Art Kavanagh

Criticism, fiction and other writing


“Still to be plagued in hell”

Christopher Ricks and William Empson on Doctor Faustus

I’ve been writing a series of essays for my email newsletter under the general heading “Empson’s insightful errors”. The idea is that, towards the end of his life, the brilliant literary critic William Empson put forward a number of theories and hypotheses which, though not in themselves persuasive or well founded, nevertheless point the way towards useful new insights, readings or evaluations of the authors or works in question.

The third and probably last in the series, which went out a few days ago, concerns Christopher Marlowe’s play, Doctor Faustus. Empson believed that the play had been gutted by the Elizabethan censor, who had removed anything explaining what Faustus was up to. According to Empson, Faustus must have had a plan to escape hell. What could Faustus possibly gain from his bargain that could begin to compensate for the certainty of neverending torture, an agony that could neither be endured nor brought to an end?

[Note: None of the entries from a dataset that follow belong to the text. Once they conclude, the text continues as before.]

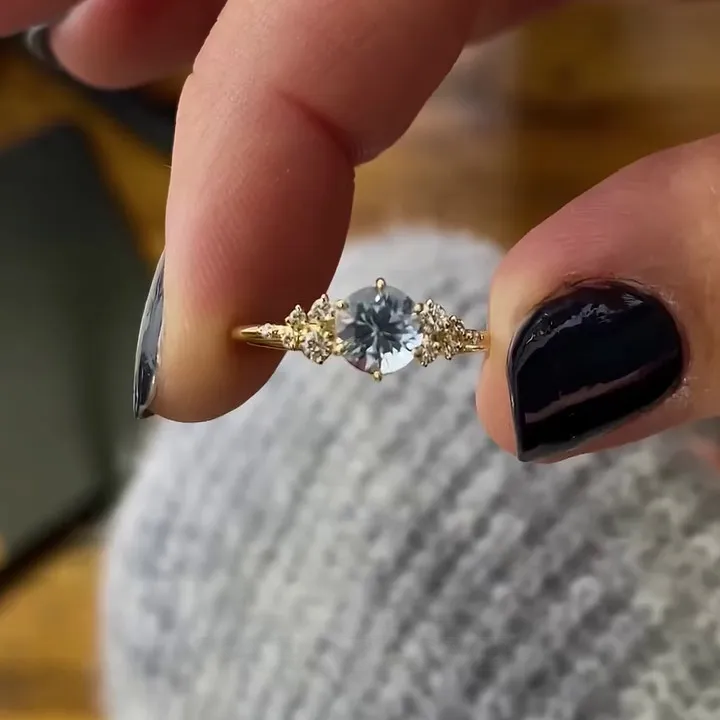 Bague de fiançailles en argent jaune et or pour aigue-marine bleue à taille ronde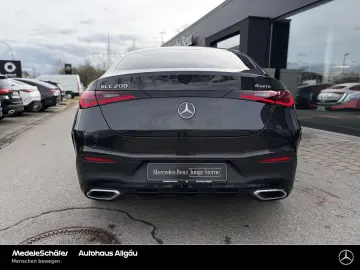 MERCEDES-BENZ GLC 200 4M Coupé AMG Night  Dist AHK Kam Amb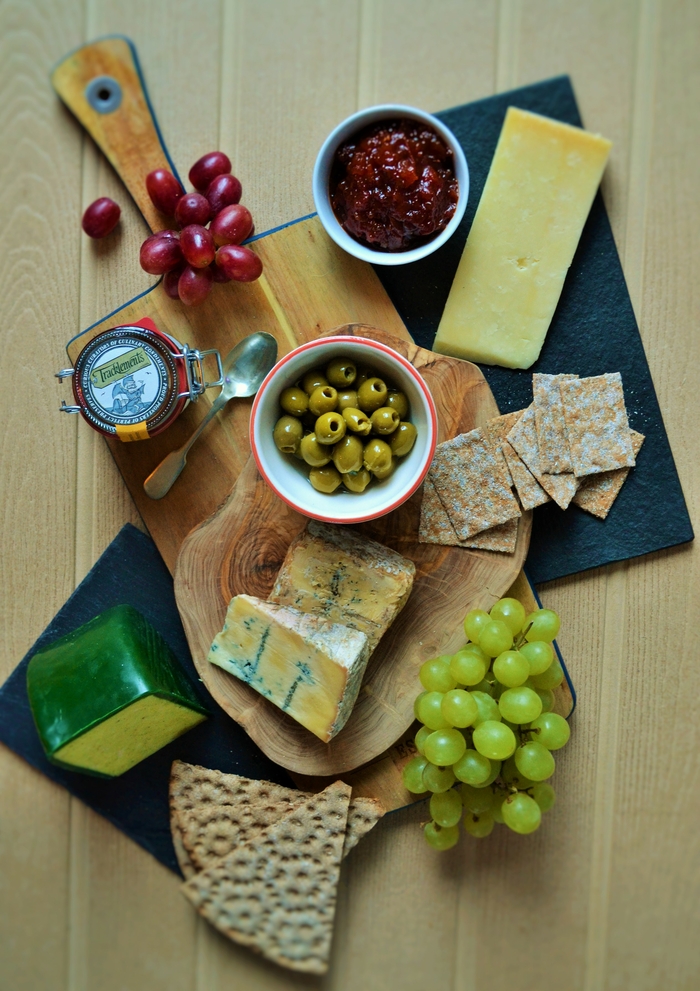 Build the Ultimate Cheeseboard for Christmas or New Year - Tinned Tomatoes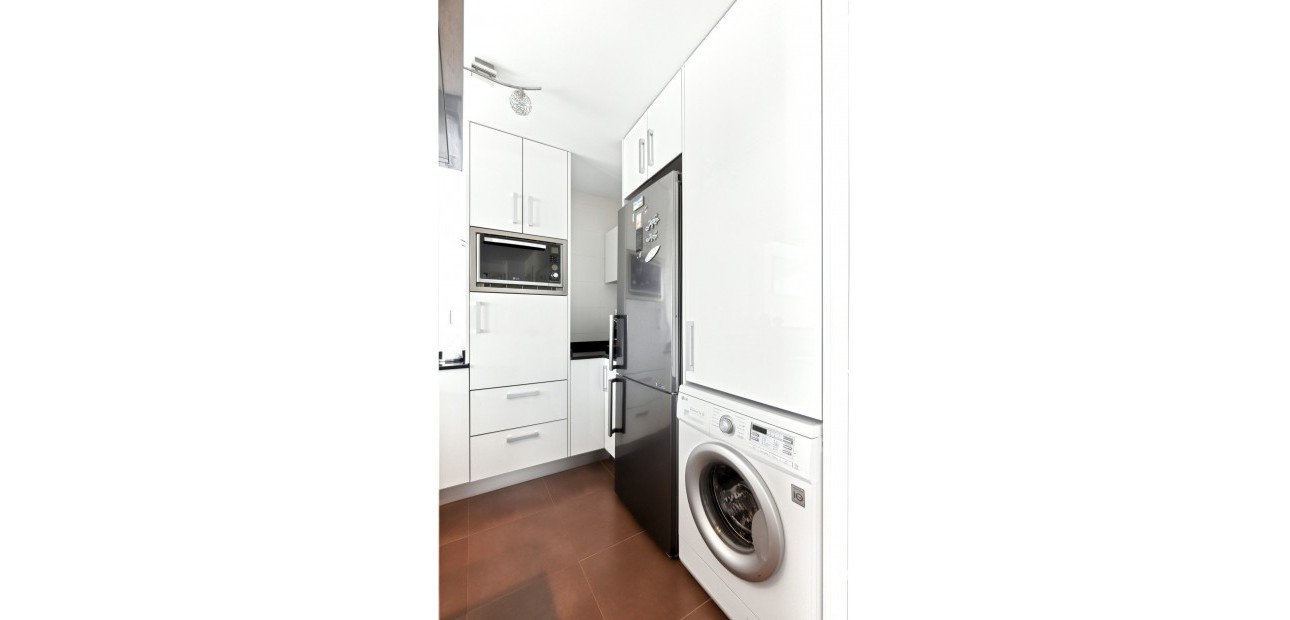 Herverkoop - Appartement / flat -
Torre de La Horadada - Torre de La Horadada - Town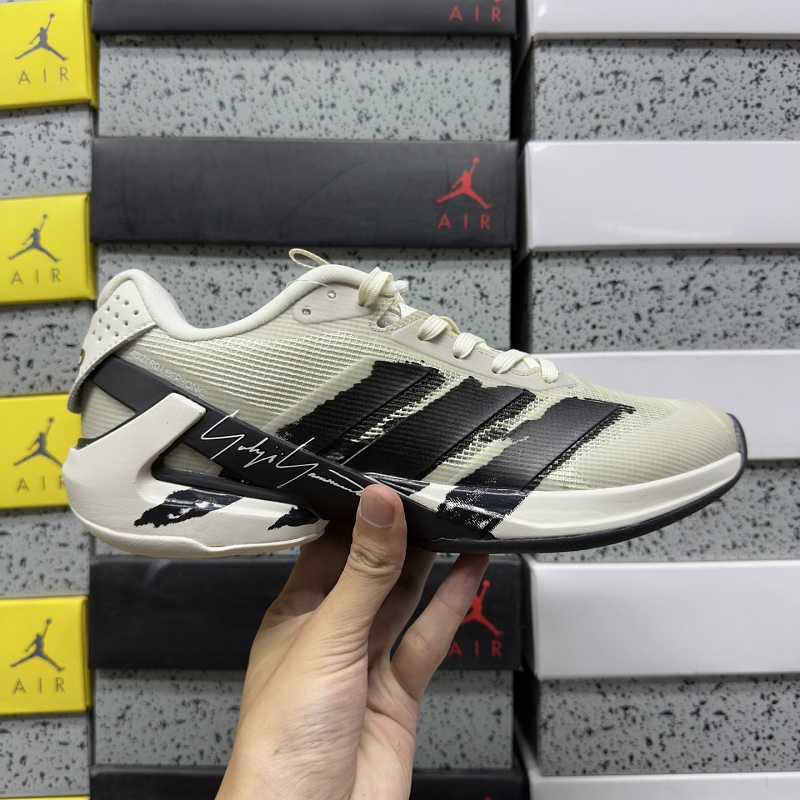 Adizero Ubersonic 5 M 8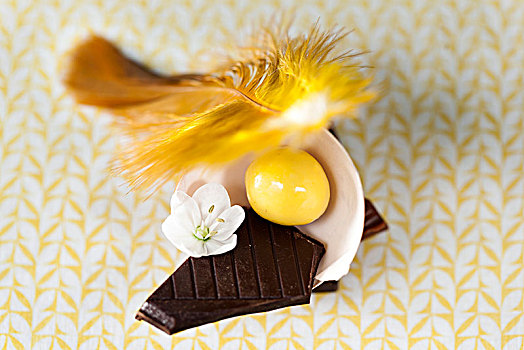 复活节彩蛋,巧克力,羽毛,蛋壳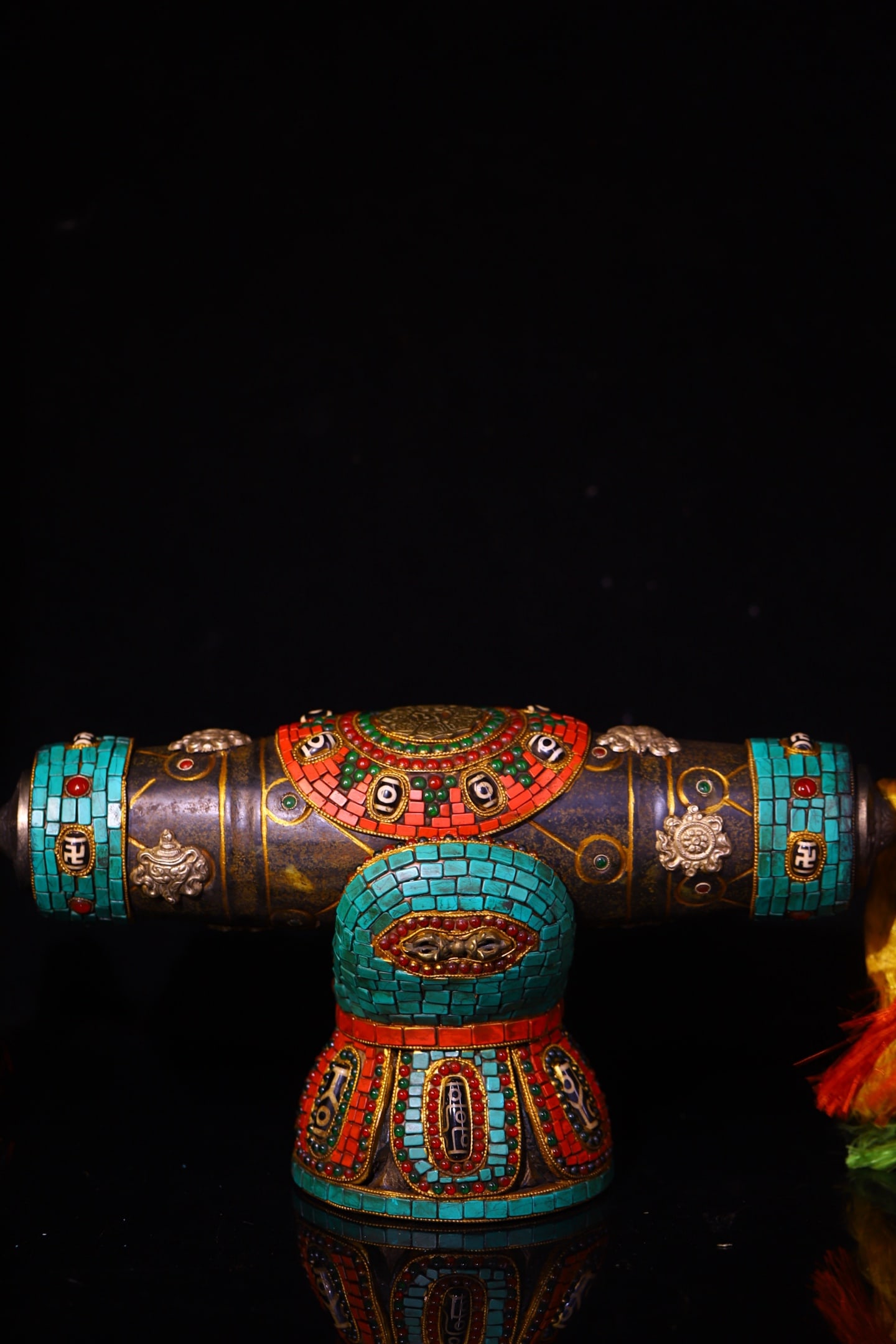 A Rare Meteorite Flower Pattern Inlaid Dzi Bead and Turquoise Ornament: A Rare Meteorite Flower Pattern Inlaid Dzi Bead and Turquoise Ornament,Size:7.1inx12.6in,Weight:4300g 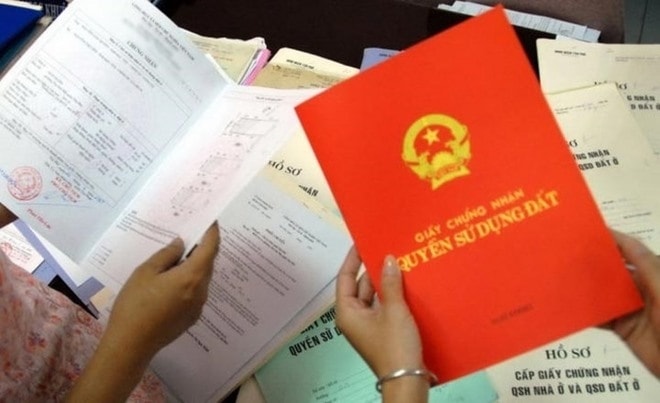 Diện tích đất thực tế nhiều khi không trùng khớp với diện tích ghi trong sổ đỏ (Ảnh minh hoạ) Diện tích đất thực tế nhiều khi không trùng khớp với diện tích ghi trong sổ đỏ (Ảnh minh hoạ)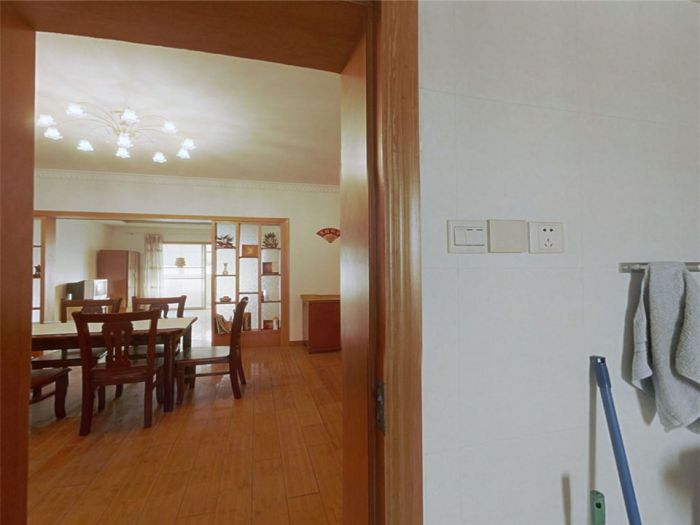 炜建花苑 3室2厅1卫 132m&sup2;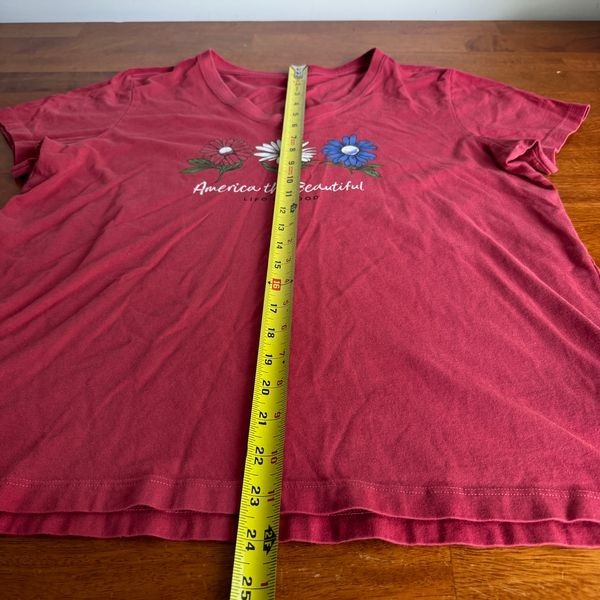 women’s life is good t shirt crusher size large red floral graphic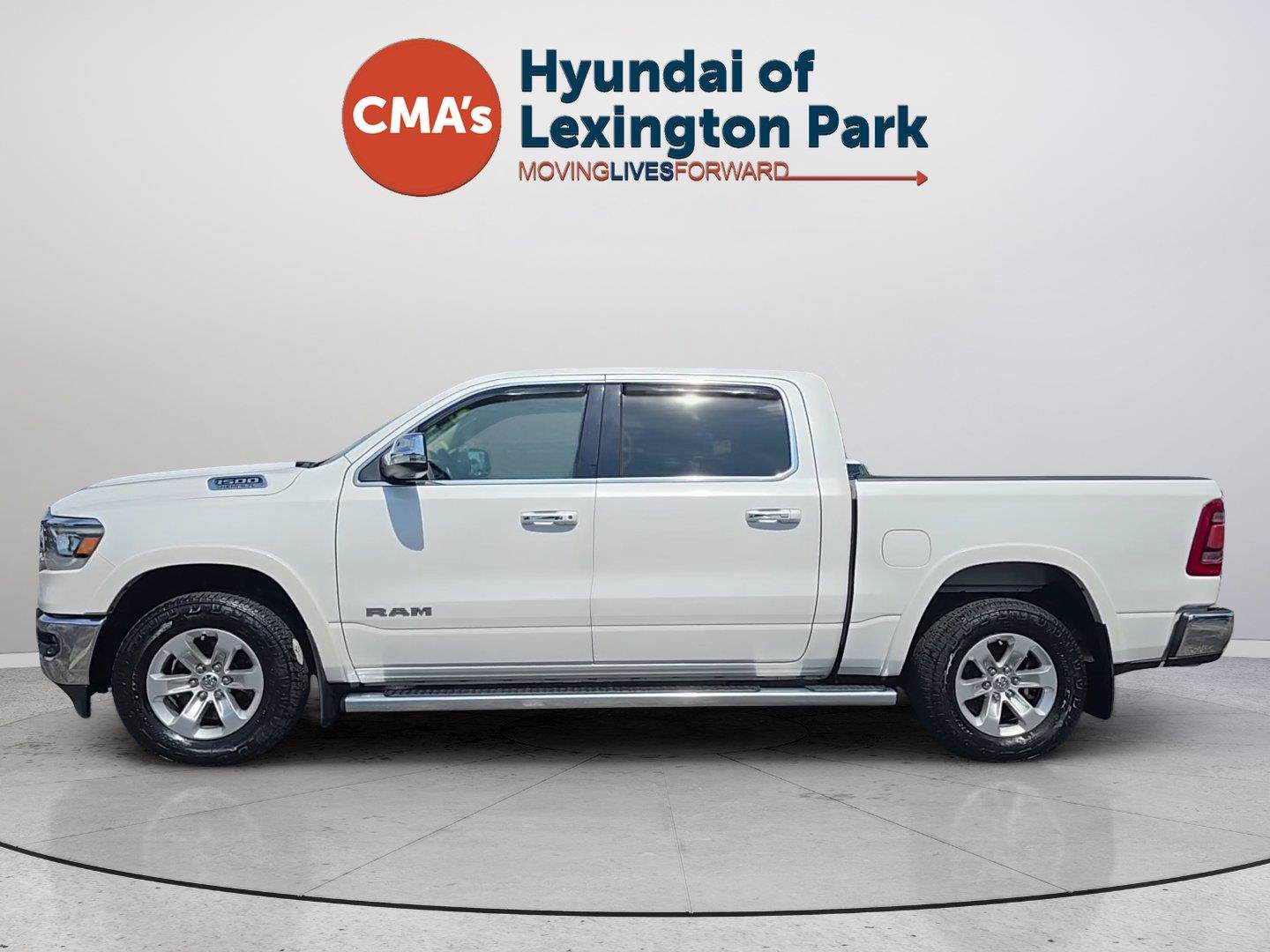 Used 2019 RAM 1500 Laramie AWD/4WD image 2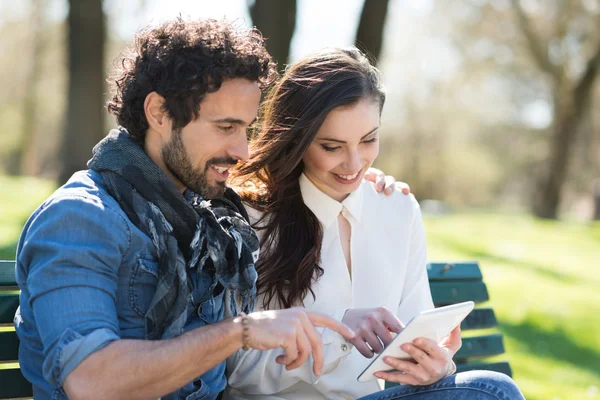 Couple utilisant une tablette numérique — Photo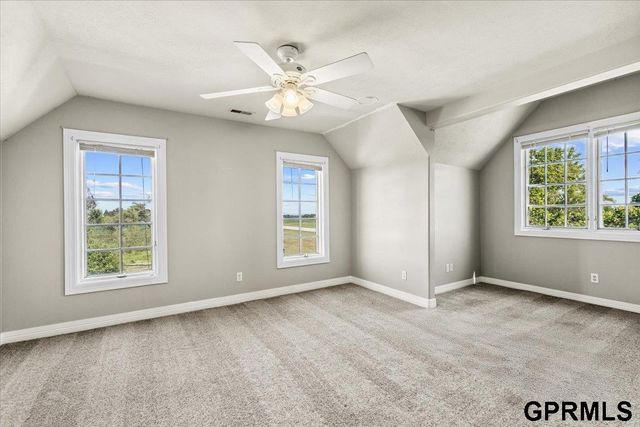 19640 Pawnee Road, Bennington, NE 68007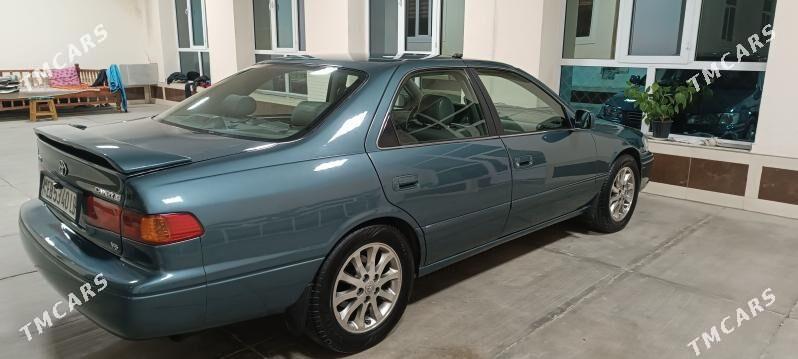 Toyota Camry 2001 - 225 000 TMT - Туркменабат - img 1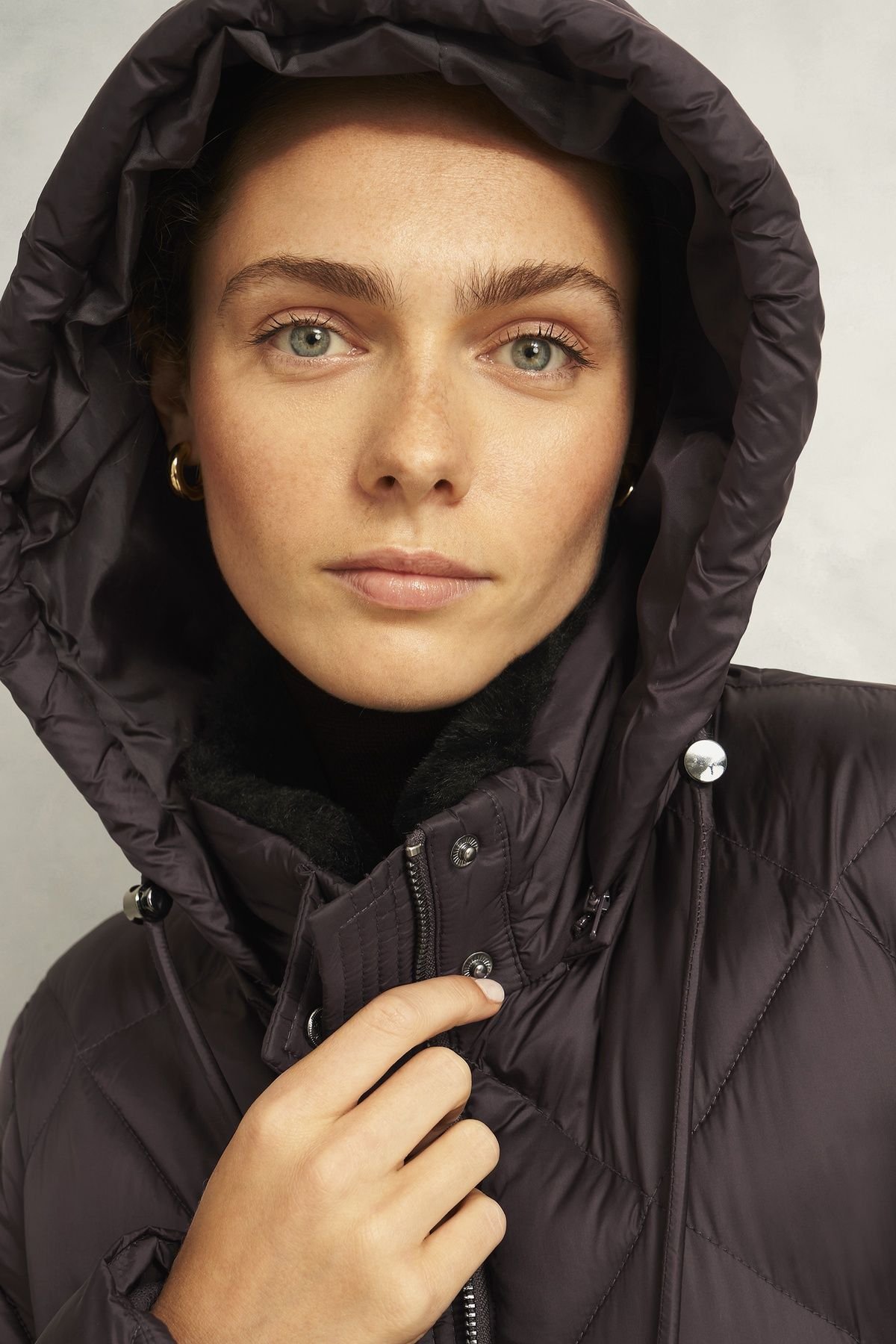 Hobbs London Hobbs London Women's Lumi Puffer Coat in Dark Brown - 3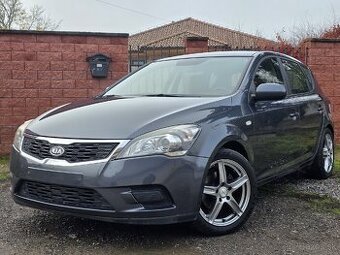 Kia Ceed 1.4 CVVT • Facelift 2011 • 172 tisíc KM • Nová STK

Or, as another brilliant critic put it:

Empson, asking himself how it could be that an unstupid Faustus could have made so stupid a bargain, set his own labouring brain to beget a world of not-idle fantasies as to how and why Faustus might ever have supposed that he could overreach the devil. Christopher Ricks, “Doctor Faustus and Hell on Earth”, Essays in Criticism 35 (1985); 101–20, 102)

Empson devised an impressive and ingenious scheme which I’ve looked at in detail in the newsletter. But his question as to what Faustus thought he was doing also stimulated the brain of Christopher Ricks, causing him to come up with a rather different answer. As Ricks’s lecture is a particularly good example of (what I’d argue is) an Empsonian “error” lighting the path towards a new way of looking at things, I had intended to include a few paragraphs on Ricks in the newsletter, but I ran out of space, so I’m writing about his argument here instead.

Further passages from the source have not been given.